Делая более широкие заключения, мы видим в истории, и в том числе в истории науки, гораздо больше эмпирики, инерции, недопонимания, движения наощупь, гораздо больше шишек, набитых в темноте об острые углы, чем блестящих стратегем очередного Госплана1 [Впрочем, высказывая эти заключения, автор не меньше своих оппонентов рискует увидеть в истории проекцию собственных идей и взглядов]. Это, парадоксальным образом, внушает определенный исторический оптимизм - творцом и действующим лицом истории, тем самым, оказывается каждый рядовой человек, внося в исторический процесс присущую человеческому сообществу живую разноголосицу, путаницу, неоднородность, свойственные жизни и свободе внешний беспорядок и стихийность. В то же время невозможно не увидеть за этим внешним беспорядком я стихийностью взлеты интеллекта и творчества, оставившие впечатляющие результаты во всех областях жизни, в практической деятельности, в государственном строительстве, в науке, во множестве различных, заметных и незаметных сфер.
Кадастр и реформы
История земельного и лесного кадастра России - это, с одной стороны, история формирования и реформирования организационных форм и учреждений кадастра, а с другой - история развития подходов и методов сбора и обработки статистических и картографических данных. История кадастра отражает историю российских реформ в целом. Кадастровые реформы - это хозяйственные и управленческие преобразования, административно-хозяйственная рутина, почти всегда лишенная эффектного политического и особенно идеологического содержания, так привлекательного для историка. Однако анализ этих реформ позволяет во многом понять, каким образом действуют государственные институты, когда перед ними стоят не экстремальные, а обыденные, повседневные задачи: повысить доход, улучшить снабжение, организовать сбор достоверных данных.

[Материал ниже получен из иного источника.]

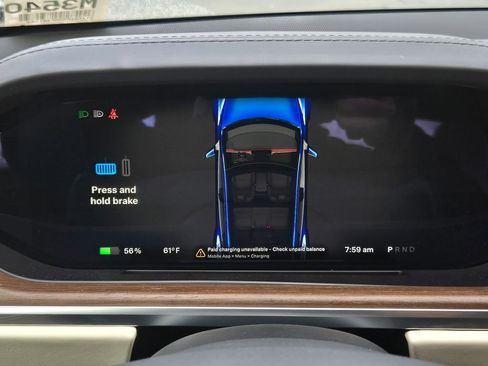 Used 2022 Tesla Model S image 25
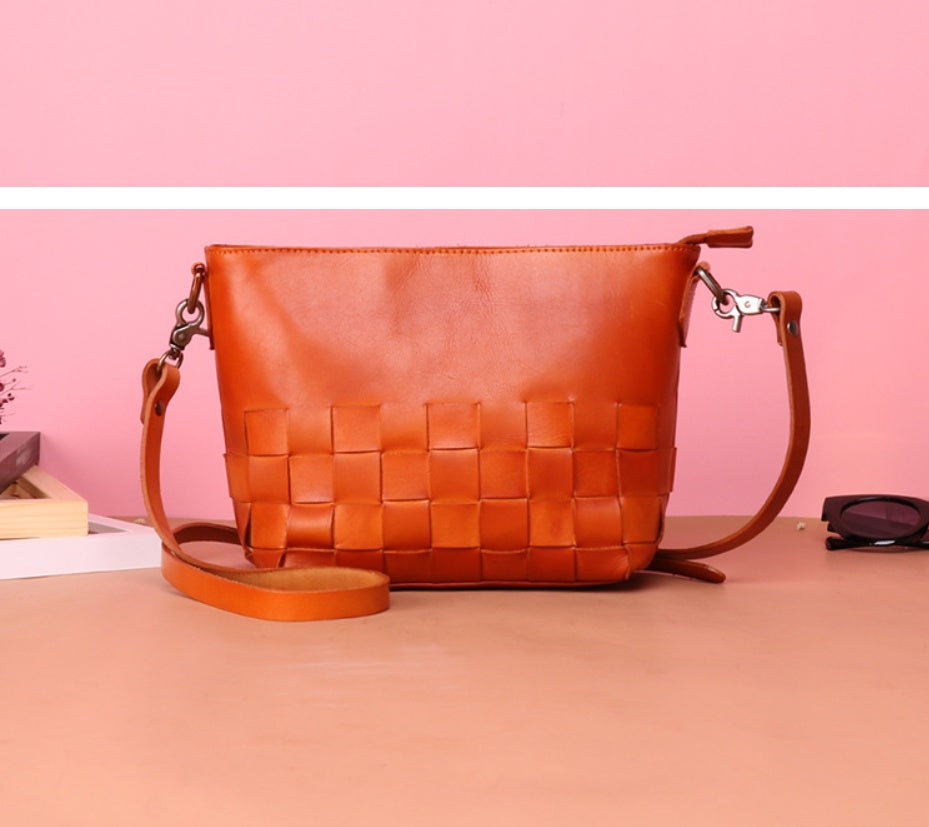 Retro fashion ladies shoulder bag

Главным выводом исследования в этой области является глубочайшая эмпиричность кадастровых реформ. Эмпиричность даже не в том смысле, что преобразования в области земельного и лесного кадастра практически никогда всерьез не опирались на политические и экономические теории, в которых не было недостатка уже в первой половине XVIII в. Анализ истории кадастровых институтов и технологий показывает, что, по крайней мере, до конца XVIII в., а, отчасти, и до конца первой трети XIX в. реформы и преобразования не были результатом осознанного, последовательного и долговременного планирования или осознанной потребности в общей модернизации страны, ни тем более осознанного последовательного плана такой модернизации. Изучая историю выработки формы кадастрового описания территории, мы всякий раз видим, что первоначальные попытки и окончательно оформившуюся технологию разделяет очень и очень многое. Администрация каждый раз стремится использовать уже существующие подходы, внося коррективы по мере того, как становились очевидны принципиальные недостатки старых подходов. Так, наталкиваясь вслепую на препятствия, власть ощупью делала шаг за шагом по пути модернизации страны.

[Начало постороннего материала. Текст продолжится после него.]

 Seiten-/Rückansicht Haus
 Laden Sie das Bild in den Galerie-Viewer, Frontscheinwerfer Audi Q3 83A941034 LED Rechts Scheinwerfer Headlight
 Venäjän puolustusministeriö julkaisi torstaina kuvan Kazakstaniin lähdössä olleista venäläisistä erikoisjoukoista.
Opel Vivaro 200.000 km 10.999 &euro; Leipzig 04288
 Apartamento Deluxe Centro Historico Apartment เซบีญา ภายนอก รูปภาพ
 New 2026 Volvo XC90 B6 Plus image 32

Реформирование кадастровых институтов и технологий каждый раз вызывалось необходимостью решить конкретные практические задачи. Эволюция петровского лесного кадастра - наиболее яркий тому пример. Институты и технологии кадастра складывались медленно, наощупь, постепенно, путем проб и ошибок. Ни в 1698 г., когда были предприняты первые петровские описания лесов, ни в 1710-е гг., ни даже в 1720-е гг., когда был подготовлен Генеральный Регламент, содержащий известную главу «О ландкартах и чертежах государевых» - ни разу не был сформулирован подробный и последовательный план строительства адмиралтейского лесного кадастра. Даже для осознания принципиальной необходимости карт для управления страной, декларированного в Генеральном Регламенте, потребовалось не одно десятилетие. Между тем в нем ничего не говорится о качестве карт, масштабе, регулярном обновлении данных, принципах составления и использования карт. Для осознания необходимости регулярного, обновляемого, систематического лесного кадастра для снабжения флота потребовалось больше двух десятилетий проб и ошибок. Для того, чтобы в обиход адмиралтейского кадастра вошли карты лесов, потребовалось еще полтора десятка лет.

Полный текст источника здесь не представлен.